Visible to Intel only — GUID: zfn1580758717181
Ixiasoft
Visible to Intel only — GUID: zfn1580758717181
Ixiasoft
5.2.4. Fusing Adjacent Loops (loop_fuse Pragma)
Fusing adjacent loops can help reduce your kernel area use by reducing the overhead required for loop control and increasing the performance of your kernel by executing both original loops concurrently as one (fused) loop.

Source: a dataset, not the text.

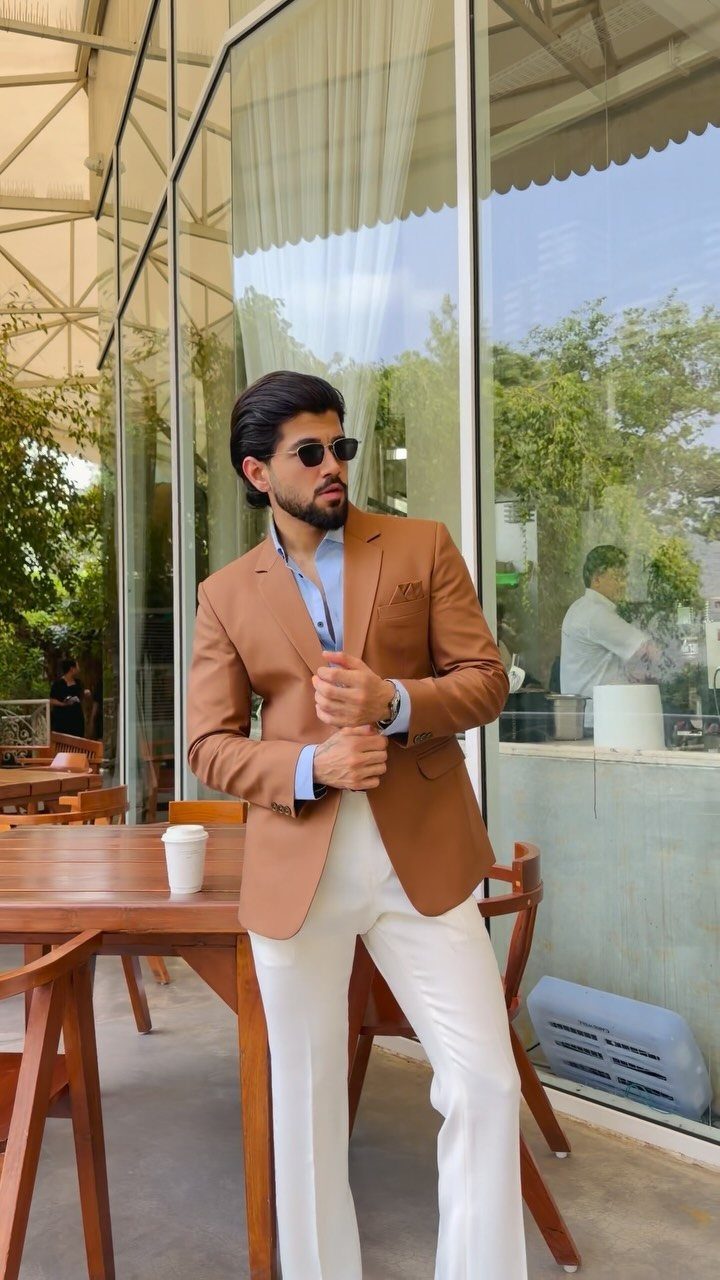 A man in a tan blazer, light blue shirt, and white trousers posing outdoors.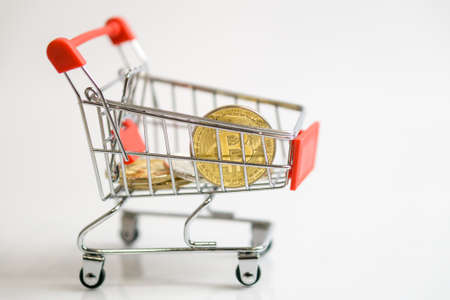 Shopping trolley cart with Coins bitcoin, buying goods for crypto currency.の写真素材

To specify a block of program code within which the compiler attempts to fuse loops, specify the pragma as follows:
#pragma loop_fuse [clause[[,]clause]...] new-line
structured_block
where clause is one of the following:
- depth(constant-integer-expression)
- If a depth clause is present, the constant-integer-expression clause parameter defines the number of nesting depths at which the fusion of adjacent loops is attempted. The depth clause extends the applicability of the loop_fuse construct to all loops nested in top-level loops contained in the construct at nesting depth less-than or equal to the clause parameter, including loops that become adjacent as a result of fusion of their corresponding containing loops. In the absence of a depth clause, only loops at the top-level of the loop_fuse construct are attempted to be fused (that is, loops not contained in other loops defined within the construct). The depth clause with a parameter of 1 is equivalent to the absence of a depth clause.
- independent
- If an independent clause is present, adjacent loops that are fusion candidates within a loop_fuse construct are assumed to have no negative-distance data access dependencies. That is, for two adjacent loops considered for fusion, iterations of the logically-second loop does not access data elements produced in a later iteration of the logically-first loop. The independent clause overrides the offline compiler's static analysis during loop fusion safety analysis.
If a function call is present in a loop_fuse construct at any of the applicable nesting depths and inlining the function call materializes a loop, then the resulting loop is considered to be a candidate for fusion.
Nested Depth Clauses
In programs where loop_fuse constructs are nested and their implied sets of fusion candidates overlap, the overall set of fusion candidates comprises a union of all loops covered by the distinct loop_fuse regions. The loop_fuse attribute clauses apply only to the fusion candidates implied by the directive to which the clauses apply.
#pragma loop_fuse depth(2) independent
{
L1: for(...) {}
L2: for(...) {
#pragma loop_fuse depth(2)
{
L3: for(...) {}
L4: for(...) {
L5: for(...) {}
L6: for(...) {}
}
}
}
}
In this example, loops L1, L2, L3, L4, L5, and L6 are considered for fusion and loops L1, L2, L3, L4 are considered for fusion overriding the compiler's dependence analysis.